NEW DELHI: Interpol has issued a red notice request to find and arrest fugitive Indian billionaire jeweller Nirav Modi, who is at the heart of a $2 billion-plus bank fraud case, the international agency said on its website.

Federal police last month asked Interpol to issue a red notice to locate Modi, who has been charged in relation to India's biggest banking fraud.

The Financial Times, citing Indian and British officials, said last month that Modi had fled to Britain claiming political asylum.

Government-backed Punjab National Bank (PUB) earlier this year said that two jewellery groups headed by Modi and his uncle, Mehul Choksi, had defrauded it of about $2.2 billion by raising credit from other Indian banks using illegal guarantees.

An internal probe by PNB found that the fraud might have been orchestrated by a few rogue employees, and it escaped detection because of widespread risk-control and monitoring lapses in many areas of the bank.

A red notice is a "request to locate and provisionally arrest an individual pending extradition", according to Interpol.

"Interpol cannot compel any member country to arrest an individual who is the subject of a red notice," it says on its website.

"Each member country decides for itself what legal value to give a red notice within their borders."

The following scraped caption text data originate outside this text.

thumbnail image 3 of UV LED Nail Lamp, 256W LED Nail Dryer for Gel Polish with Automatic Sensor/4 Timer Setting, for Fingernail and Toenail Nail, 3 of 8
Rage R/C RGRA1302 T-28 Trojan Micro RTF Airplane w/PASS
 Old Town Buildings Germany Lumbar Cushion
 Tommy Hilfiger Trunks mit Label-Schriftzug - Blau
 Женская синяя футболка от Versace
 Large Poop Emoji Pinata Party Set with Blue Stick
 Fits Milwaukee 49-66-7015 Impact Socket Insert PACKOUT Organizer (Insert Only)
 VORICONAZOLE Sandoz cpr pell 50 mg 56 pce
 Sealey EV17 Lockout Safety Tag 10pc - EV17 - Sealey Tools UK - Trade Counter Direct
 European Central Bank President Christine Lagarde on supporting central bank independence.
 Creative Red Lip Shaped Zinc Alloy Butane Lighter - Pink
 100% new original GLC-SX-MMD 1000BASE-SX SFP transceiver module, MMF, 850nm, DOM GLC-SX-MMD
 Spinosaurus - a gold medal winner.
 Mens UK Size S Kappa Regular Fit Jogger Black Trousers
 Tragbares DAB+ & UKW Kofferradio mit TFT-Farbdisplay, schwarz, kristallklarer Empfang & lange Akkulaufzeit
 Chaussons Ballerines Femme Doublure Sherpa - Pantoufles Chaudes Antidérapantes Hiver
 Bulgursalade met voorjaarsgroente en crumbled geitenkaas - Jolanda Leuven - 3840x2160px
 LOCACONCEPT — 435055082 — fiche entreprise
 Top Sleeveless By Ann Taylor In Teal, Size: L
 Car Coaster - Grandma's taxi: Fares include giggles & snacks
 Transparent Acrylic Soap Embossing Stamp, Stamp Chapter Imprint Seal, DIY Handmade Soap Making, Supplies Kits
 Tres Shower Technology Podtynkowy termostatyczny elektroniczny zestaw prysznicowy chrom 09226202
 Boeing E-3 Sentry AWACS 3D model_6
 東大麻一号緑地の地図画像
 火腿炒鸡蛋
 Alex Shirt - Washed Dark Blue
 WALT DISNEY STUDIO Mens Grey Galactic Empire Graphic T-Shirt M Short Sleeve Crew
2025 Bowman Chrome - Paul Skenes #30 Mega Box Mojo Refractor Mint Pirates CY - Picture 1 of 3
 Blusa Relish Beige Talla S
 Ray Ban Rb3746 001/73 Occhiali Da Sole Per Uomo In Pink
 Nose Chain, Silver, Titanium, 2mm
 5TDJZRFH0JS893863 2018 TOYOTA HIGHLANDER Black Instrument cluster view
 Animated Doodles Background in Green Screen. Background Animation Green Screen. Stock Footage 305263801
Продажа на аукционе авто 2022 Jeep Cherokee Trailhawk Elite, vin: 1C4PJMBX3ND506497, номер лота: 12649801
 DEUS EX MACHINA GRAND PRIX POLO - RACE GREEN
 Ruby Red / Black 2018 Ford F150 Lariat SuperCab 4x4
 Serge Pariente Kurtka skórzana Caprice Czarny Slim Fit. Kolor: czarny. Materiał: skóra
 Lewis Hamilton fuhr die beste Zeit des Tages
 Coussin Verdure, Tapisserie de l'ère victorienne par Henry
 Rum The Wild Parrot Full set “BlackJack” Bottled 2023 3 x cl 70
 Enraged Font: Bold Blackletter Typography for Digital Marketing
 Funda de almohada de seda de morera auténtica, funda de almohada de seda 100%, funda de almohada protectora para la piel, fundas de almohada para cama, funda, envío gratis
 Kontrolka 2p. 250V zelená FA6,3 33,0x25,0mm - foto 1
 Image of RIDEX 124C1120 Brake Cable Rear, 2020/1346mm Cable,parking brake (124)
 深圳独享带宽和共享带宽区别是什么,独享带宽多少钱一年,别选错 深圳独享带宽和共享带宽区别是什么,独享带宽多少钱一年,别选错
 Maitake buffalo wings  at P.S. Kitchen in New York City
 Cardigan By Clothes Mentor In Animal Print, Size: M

Last month, it was reported that Nirav Modi fled to Britain where he is seeking asylum.

Celebrity clients

Modi, whose celebrity clients have included actress Naomi Watts and Kate Winslet, is accused of involvement in a $1.8 billion (Dh6.6 billion) scam against Punjab National Bank (PNB), India’s second-largest state-run lender.

The 47-year-old has been on the run since the scandal broke in February, rocking India’s corporate world.

The Financial Times newspaper cited officials in India and Britain as saying that Modi had sought asylum in Britain for what he called “political persecution”.

Indian officials were not immediately available to comment.

A spokesman for Britain’s Home Office said: “We do not comment on individual cases.”

It comes as India’s government seeks the extradition of liquor tycoon Vijay Mallya over unpaid loans to his beleaguered Kingfisher Airlines after he absconded to Britain in 2016.

Indian investigators are probing allegations that Modi and his uncle and business partner Mehul Choksi, also a diamond merchant, defrauded PNB of 2.8 billion rupees ($43.8 million).

This figure is said to be just a part of the total losses.

PNB said in February that Modi and Choksi had defrauded it by raising credit with international branches of other Indian banks, using illegal guarantees provided by rogue PNB employees.

Investigators have arrested 25 people for enabling the defrauding of the bank with forged documents.

Modi, the third generation of his family to go into the diamond trade, is worth $1.73 billion according to Forbes, placing him 85th on India’s rich list.

His high-end eponymous Nirav Modi brand has stores in several of the world’s major cities and boasted of celebrity clients including Watts, Winslet, and Bollywood star Priyanka Chopra.

India’s government is trying to reduce the crippling debts of the country’s embattled state banks, including PNB.

It recently announced a $32 billion recapitalisation plan to help them clean up their books ahead of the general election in 2019.

In May, PNB posted the largest-ever quarterly loss for an Indian lender.

It said it had incurred a record 134.17 billion-rupee net loss for the January-March quarter, having posted a 2.62 billion-rupee profit in the same period last year.

The losses were largely because it had to set aside funds to pay the other banks for the illegal guarantees issued in the scam.